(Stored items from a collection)
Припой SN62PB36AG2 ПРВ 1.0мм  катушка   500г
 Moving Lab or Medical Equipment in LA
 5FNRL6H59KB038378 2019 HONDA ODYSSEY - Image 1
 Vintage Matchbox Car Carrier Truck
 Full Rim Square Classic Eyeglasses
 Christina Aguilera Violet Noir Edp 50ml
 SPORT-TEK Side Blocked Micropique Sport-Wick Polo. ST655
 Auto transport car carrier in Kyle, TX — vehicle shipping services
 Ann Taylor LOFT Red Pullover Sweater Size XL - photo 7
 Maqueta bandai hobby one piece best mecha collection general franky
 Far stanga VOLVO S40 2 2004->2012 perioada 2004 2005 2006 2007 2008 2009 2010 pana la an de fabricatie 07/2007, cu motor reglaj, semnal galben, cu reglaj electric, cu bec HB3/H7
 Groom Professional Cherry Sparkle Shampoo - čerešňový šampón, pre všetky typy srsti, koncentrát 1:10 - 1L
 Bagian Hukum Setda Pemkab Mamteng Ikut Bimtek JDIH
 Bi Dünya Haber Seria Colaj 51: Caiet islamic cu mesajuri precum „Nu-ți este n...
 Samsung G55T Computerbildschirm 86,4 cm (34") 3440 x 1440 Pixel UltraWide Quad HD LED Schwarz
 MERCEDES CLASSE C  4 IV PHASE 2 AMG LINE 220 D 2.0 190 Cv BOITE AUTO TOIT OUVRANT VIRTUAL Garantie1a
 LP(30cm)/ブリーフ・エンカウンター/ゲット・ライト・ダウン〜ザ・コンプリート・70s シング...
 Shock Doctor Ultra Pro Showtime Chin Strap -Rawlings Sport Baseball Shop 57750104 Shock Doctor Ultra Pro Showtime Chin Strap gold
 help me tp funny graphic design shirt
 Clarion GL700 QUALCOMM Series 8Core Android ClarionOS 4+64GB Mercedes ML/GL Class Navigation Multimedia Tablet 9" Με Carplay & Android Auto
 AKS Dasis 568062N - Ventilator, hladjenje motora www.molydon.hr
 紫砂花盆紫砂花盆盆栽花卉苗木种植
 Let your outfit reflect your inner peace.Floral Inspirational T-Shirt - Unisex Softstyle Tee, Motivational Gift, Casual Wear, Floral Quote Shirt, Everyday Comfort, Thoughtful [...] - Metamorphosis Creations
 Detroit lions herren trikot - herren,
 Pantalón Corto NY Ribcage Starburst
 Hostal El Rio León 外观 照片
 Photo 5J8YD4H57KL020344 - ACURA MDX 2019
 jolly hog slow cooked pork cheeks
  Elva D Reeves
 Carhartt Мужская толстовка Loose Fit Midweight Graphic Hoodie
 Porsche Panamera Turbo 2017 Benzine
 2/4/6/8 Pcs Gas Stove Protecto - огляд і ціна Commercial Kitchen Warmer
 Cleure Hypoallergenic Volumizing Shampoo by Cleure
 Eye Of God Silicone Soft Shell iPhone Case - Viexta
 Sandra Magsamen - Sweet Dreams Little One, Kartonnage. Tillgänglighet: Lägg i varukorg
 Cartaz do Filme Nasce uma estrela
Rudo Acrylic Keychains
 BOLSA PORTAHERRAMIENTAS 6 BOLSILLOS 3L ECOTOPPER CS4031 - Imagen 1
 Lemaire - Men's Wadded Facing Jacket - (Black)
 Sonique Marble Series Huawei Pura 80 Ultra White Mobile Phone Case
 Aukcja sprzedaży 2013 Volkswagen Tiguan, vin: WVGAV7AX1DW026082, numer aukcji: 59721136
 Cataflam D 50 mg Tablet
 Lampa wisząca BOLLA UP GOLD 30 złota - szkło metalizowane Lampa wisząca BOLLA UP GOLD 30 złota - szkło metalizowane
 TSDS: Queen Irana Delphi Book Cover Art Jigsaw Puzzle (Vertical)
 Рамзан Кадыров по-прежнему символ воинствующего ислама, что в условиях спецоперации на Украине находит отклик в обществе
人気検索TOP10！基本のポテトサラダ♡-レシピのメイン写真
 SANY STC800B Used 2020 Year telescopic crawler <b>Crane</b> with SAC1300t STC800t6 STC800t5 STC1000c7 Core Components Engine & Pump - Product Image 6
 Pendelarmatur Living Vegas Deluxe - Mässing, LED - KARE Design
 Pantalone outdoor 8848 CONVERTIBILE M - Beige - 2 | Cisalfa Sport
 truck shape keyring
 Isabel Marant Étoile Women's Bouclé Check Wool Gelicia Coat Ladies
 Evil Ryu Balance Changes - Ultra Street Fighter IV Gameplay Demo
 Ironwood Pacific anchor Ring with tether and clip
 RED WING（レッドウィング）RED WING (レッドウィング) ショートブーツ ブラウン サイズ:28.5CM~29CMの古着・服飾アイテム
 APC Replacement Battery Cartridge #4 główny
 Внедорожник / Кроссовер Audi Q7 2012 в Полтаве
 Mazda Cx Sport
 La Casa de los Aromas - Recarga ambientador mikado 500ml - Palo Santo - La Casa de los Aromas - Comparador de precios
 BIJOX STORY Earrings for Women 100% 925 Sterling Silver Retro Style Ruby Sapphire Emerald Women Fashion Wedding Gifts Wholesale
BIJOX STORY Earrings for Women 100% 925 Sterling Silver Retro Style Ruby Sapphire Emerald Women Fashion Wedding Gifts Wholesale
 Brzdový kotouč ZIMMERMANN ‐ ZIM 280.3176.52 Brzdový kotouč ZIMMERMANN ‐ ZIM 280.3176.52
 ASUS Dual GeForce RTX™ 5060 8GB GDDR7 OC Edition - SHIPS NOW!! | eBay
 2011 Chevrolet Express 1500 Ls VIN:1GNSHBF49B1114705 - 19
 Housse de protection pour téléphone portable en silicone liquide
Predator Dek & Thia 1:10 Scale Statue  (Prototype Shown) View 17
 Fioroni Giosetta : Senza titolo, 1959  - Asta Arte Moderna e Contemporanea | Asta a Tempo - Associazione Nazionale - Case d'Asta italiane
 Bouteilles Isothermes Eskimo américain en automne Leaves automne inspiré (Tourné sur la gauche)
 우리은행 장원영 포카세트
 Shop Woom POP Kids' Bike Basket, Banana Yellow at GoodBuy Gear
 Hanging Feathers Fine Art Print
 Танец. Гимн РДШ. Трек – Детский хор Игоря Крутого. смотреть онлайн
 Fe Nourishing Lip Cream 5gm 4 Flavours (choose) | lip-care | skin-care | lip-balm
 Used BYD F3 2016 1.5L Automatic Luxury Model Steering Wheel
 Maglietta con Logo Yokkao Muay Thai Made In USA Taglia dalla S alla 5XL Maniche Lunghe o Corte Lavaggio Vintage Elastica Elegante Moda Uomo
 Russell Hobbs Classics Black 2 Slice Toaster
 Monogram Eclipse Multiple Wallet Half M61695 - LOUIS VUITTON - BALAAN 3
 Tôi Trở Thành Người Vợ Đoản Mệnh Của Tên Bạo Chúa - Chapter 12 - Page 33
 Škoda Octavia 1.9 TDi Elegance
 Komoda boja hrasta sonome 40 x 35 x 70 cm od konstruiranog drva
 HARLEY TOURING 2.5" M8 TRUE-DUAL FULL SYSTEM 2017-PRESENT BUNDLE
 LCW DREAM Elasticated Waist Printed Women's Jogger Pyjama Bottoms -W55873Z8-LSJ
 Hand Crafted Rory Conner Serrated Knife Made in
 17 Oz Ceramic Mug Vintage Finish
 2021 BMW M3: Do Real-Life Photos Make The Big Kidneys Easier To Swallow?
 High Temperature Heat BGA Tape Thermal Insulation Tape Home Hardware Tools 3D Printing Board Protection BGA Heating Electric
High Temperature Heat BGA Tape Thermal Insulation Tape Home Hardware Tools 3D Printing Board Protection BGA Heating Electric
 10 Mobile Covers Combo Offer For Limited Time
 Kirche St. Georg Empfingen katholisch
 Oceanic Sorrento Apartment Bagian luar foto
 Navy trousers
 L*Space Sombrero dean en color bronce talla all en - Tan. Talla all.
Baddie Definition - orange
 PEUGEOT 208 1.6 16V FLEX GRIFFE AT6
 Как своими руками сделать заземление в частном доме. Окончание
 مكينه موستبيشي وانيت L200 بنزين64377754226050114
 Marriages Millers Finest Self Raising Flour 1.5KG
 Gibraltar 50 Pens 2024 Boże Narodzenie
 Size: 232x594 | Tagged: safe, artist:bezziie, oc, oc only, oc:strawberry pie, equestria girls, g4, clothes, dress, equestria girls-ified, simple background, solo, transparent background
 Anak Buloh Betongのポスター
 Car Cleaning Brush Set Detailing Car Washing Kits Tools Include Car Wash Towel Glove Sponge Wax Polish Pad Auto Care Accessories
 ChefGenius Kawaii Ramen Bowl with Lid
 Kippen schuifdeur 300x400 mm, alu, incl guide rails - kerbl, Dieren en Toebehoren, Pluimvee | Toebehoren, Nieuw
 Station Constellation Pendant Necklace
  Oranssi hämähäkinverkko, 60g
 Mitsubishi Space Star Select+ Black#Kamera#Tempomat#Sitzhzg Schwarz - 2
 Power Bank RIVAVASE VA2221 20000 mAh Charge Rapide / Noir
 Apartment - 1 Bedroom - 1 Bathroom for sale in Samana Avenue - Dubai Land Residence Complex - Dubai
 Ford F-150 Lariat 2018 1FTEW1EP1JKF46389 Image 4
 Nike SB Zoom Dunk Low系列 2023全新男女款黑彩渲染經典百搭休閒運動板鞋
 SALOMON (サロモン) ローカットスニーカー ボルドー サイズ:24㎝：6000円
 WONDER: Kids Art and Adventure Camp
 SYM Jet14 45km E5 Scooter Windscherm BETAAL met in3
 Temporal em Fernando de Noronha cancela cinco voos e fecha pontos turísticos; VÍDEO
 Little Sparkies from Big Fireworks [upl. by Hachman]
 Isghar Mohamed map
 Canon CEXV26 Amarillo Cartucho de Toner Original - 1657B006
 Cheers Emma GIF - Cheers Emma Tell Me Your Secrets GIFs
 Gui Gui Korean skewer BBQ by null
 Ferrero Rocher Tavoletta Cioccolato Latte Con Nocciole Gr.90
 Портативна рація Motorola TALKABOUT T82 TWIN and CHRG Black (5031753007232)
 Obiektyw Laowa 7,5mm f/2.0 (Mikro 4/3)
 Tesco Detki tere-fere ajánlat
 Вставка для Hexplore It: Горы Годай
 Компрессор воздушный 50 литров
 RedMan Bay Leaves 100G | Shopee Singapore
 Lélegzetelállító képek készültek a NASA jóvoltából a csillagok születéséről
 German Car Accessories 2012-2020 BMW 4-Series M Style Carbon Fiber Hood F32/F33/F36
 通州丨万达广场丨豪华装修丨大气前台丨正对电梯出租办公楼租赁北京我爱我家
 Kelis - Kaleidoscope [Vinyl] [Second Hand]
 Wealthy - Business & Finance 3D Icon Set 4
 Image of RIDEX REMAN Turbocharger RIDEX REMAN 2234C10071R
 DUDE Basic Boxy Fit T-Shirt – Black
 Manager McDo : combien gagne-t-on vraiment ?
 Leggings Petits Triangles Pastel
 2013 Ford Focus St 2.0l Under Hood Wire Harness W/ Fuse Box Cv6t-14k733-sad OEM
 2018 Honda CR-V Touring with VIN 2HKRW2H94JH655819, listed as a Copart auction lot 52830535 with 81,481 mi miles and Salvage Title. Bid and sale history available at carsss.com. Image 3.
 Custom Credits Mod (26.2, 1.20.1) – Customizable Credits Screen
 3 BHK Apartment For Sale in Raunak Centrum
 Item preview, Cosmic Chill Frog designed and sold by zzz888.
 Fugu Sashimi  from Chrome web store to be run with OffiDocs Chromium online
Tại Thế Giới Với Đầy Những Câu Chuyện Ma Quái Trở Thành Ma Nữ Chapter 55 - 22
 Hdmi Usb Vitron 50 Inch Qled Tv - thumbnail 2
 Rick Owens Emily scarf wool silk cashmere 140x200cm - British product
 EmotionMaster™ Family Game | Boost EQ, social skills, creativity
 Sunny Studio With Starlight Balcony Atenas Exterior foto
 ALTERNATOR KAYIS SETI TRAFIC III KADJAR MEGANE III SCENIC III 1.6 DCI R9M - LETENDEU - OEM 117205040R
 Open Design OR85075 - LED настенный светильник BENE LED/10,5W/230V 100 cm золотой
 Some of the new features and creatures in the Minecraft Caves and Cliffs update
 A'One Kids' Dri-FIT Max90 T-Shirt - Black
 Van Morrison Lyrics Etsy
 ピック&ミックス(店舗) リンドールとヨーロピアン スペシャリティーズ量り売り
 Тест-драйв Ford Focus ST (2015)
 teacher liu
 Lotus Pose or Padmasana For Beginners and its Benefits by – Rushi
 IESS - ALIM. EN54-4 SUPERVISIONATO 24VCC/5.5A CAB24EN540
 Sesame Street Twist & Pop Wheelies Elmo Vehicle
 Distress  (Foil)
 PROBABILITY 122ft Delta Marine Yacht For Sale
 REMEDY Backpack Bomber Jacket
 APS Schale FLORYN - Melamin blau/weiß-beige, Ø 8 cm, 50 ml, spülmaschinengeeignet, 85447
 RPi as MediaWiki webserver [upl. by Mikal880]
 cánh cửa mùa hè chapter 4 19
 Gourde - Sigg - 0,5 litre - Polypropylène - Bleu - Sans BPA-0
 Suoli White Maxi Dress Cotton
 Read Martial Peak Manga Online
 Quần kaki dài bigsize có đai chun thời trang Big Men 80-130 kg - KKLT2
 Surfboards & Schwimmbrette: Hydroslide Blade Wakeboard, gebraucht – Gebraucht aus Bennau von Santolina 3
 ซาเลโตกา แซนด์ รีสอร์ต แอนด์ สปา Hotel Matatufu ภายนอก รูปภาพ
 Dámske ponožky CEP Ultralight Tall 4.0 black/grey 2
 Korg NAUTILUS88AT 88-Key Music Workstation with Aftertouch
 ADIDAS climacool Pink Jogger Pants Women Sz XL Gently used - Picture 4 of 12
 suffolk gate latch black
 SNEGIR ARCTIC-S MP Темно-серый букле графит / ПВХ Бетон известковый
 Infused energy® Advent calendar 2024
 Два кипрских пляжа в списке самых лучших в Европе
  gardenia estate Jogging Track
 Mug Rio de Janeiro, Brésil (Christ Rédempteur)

* _EXERCISE OBJECTIVE_
Lines that include the word "Ruby" — how many are there in the data? Answer with the number alone.

* _TASK RESPONSE_
2